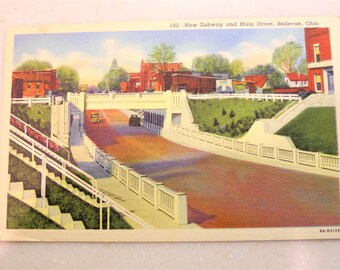Vintage 1949 Postcard Bellevue, Ohio at Subway and Main Streets - LINEN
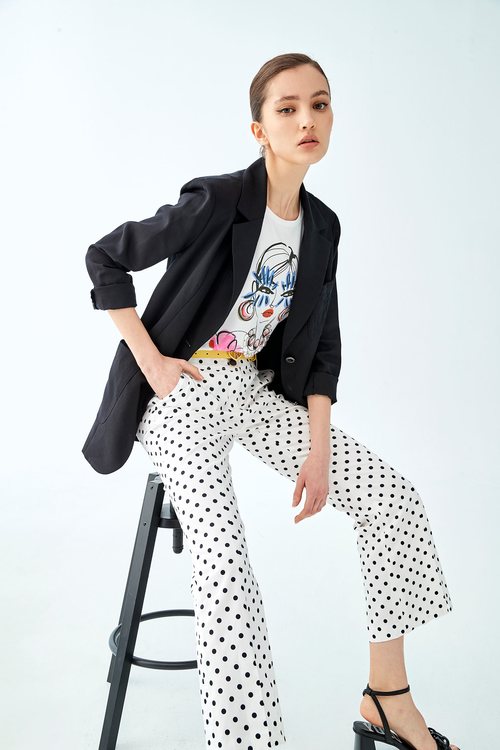 Polka Dot Front Slit Pants,summer-special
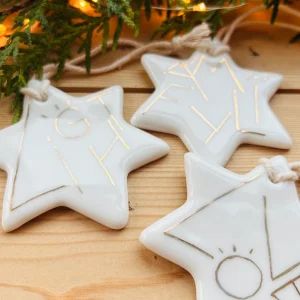 ÉTOILE MESSAGE EN PORCELAINE / OR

* _REQUIRED ACTION_:
Would you transcribe the whole listing above exactly? The pictures should not be included.

* _TASK OUTPUT_:
Vintage 1949 Postcard Bellevue, Ohio at Subway and Main Streets - LINEN
 Polka Dot Front Slit Pants,summer-special
 ÉTOILE MESSAGE EN PORCELAINE / OR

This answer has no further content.